Source:
https://scmp.com/comment/insight-opinion/article/1680525/defiance-and-security-cooperation-likely-follow-paris
Opinion/ Comment

Defiance and security cooperation likely to follow Paris terrorist attacks

Stathis Kalyvas notes the threat of a knee-jerk response that best serves attackers

The long tradition of France's provocative bent makes the imposition of restrictions or self-censorship unlikely. The most likely outcome is defiance. Photo: AFP

The terrorist attacks that shook Paris fall under the category of unimaginable - because of their spectacular, yet unexpected quality. From piloting jetliners into iconic skyscrapers to massacring a roomful of popular cartoonists, these attacks push us out of our comfort zone.
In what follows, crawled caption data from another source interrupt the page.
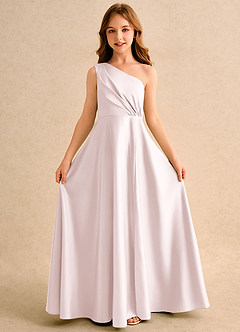 Azazie Puddles Girls Formal Robe Demoiselle D'honneur Fillette Robe Trapèze en Mat Satiné Asymétrique Rose Pâle image5
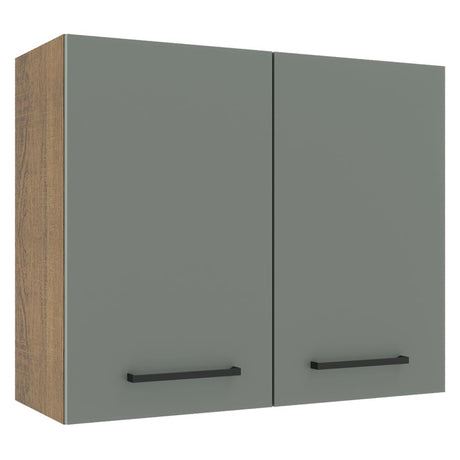 Mueble Superior de Cocina Agata Marrón y Gris 80x66cm con Dos Entrepaños y Dos Puertas - MUEBLES SUPERIORES DE COCINA | Bylmo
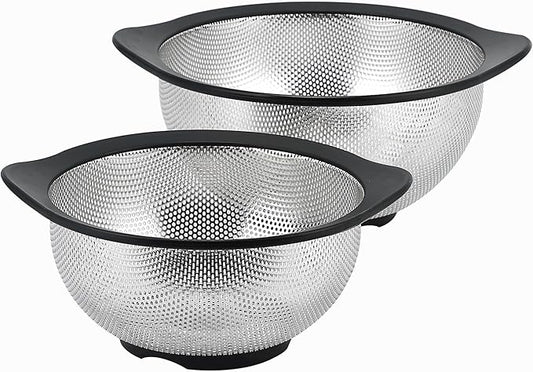 Rorence Colander Set, Stainless Steel Colanders with Non Slip Silicone Handles & Base, 2.5 & 4.3 Qt Dishwasher Safe Colander for Kitchen, Pasta, Vegetables, Fruits, Home Cooks & Families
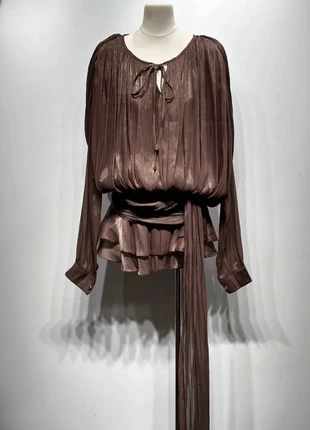 Robe marron métallisée 🤎, marque: MOCHY, état: Neuf avec étiquette, taille: Taille unique, 50,00 €, 53,20 € Protection acheteurs incluse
Because of their spectacular and transgressive nature, these attacks are potentially transformative events. The US Patriot Act, signed into law in October 2001, is perhaps the most striking such example. Because they are so shocking, these attacks tempt those targeted into reacting in a knee-jerk way, ultimately playing into the hands of the attackers and becoming self-fulfilling prophecies of sorts. In fact, this is the greatest threat they pose.
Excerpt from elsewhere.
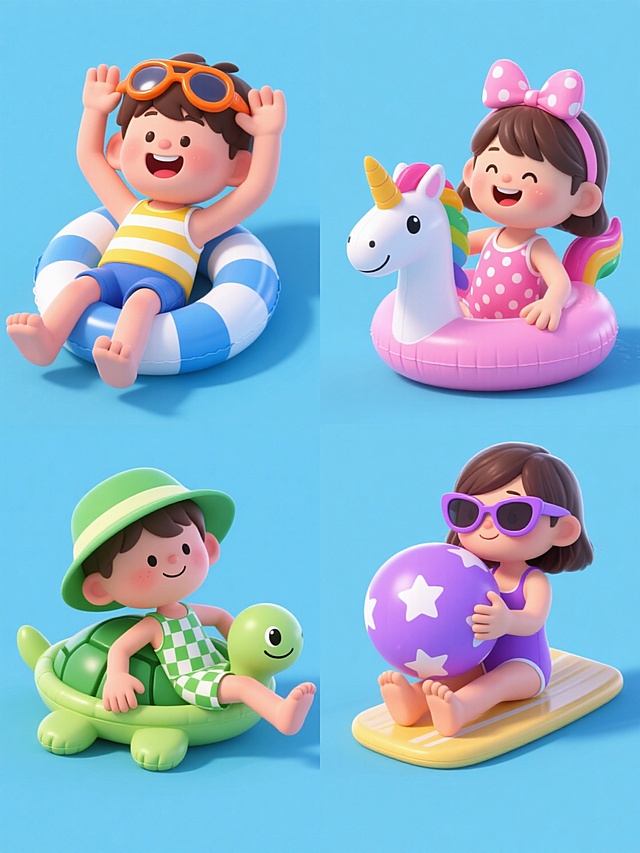 一组四个3D卡通风格儿童夏日水上玩具场景的系列素材，每个场景均采用纯色背景且整体色彩各不相同，保持相同的圆润可爱角色造型、明亮高饱和色调、光滑材质质感和生动表情动态，元素类目统一为“儿童+水上玩具+夏日休闲”，但具体内容完全不同：第一个场景是戴着橙色泳镜、穿着黄白条纹背心和蓝色短裤的男孩躺在蓝白条纹游泳圈上，双手举过头顶扶着泳镜，咧嘴大笑；第二个场景是戴着粉色蝴蝶结发箍、穿着粉白波点泳衣的女孩坐在粉色充气独角兽游泳圈上，双手抓住独角兽的角，露出开心的微笑；第三个场景是戴着绿色遮阳帽、穿着绿白格子连体泳衣的小男孩趴在绿色乌龟造型浮板上，双手撑在浮板边缘，双脚翘起；第四个场景是戴着紫色太阳镜、穿着紫色吊带泳衣的小女孩抱着紫色充气水球，水球上有白色星星图案，她将脸颊贴在水球上，露出满足的表情。四个场景呈2x2网格状规整排布，每个场景独立且具有相同的光照效果、阴影处理和构图比例，整体风格统一，充满夏日欢乐童趣氛围。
On the domestic front, the biggest issues raised by the attack on Charlie Hebdo relate both to questions of free speech and to public attitudes and policies vis-à-vis France's Muslim population.
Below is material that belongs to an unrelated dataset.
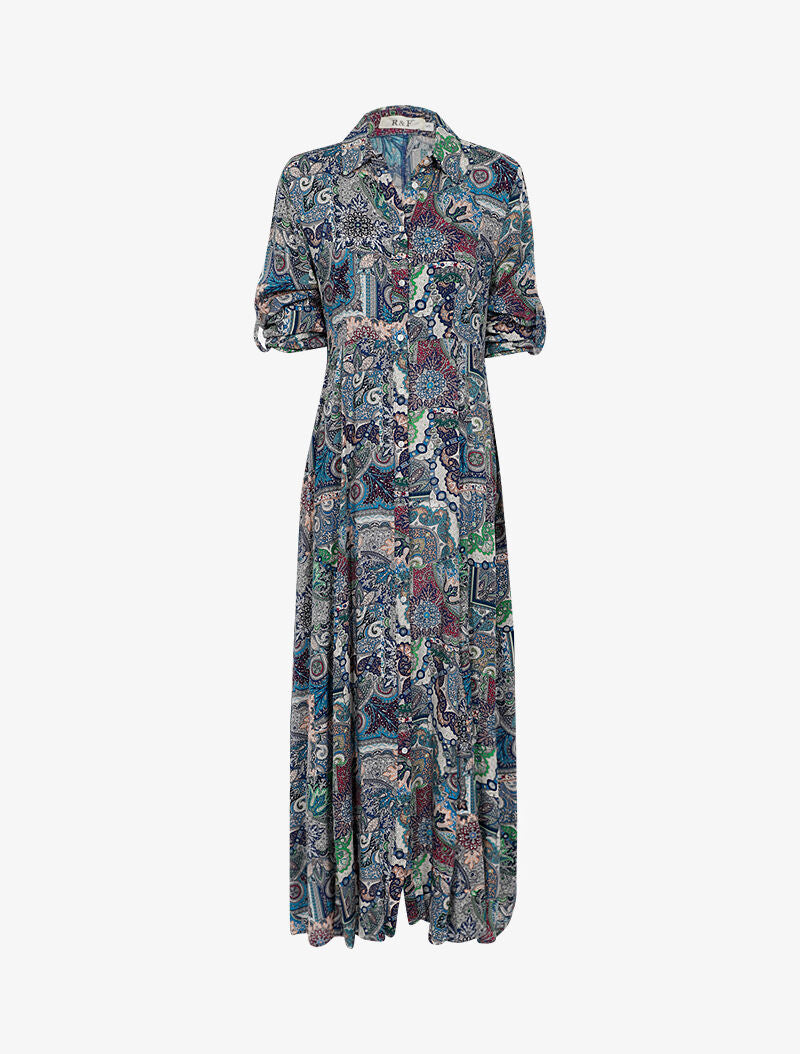 Robe chemise à imprimé cachemire - bleu - 3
Free speech in France is somewhat ambiguous. On the one hand, public discourse tends to be much more provocative compared to the US, especially when addressing religion and other sensitive issues. On the other hand, there are certain areas in France where free speech is legally restricted in a way totally out of place in the US. The Gayssot Act, for instance, makes it illegal to question the existence of crimes deemed to be crimes against humanity, prohibiting denial of the Holocaust.

Despite all this, the long tradition of France's provocative bent makes the imposition of additional restrictions or the emergence of self-censorship unlikely. If anything, the most likely outcome is defiance.

The status of the Muslim population in France has generated interminable debates. There are problems with the integration of immigrants in general and specifically marginalised second-generation immigrant youth. Conversely, a large segment of the French Muslim population is gradually becoming part of the French middle class and social fabric. If anything, the Paris attacks will cause the French political class to redouble efforts towards integration.

One should not take too literally either the French "declaration of a war on terrorism" or the references to the "permanent threat" posed by radical Islam - and, thus, not reach the facile conclusion that France in particular and Europe in general are about to launch a crusade à la the US in the aftermath of the September 11 attacks.

One issue likely to attract more immediate attention is prison reform. Among the most striking elements of the Paris attacks is the realisation that the radicalisation of marginalised youth often takes place inside French prisons.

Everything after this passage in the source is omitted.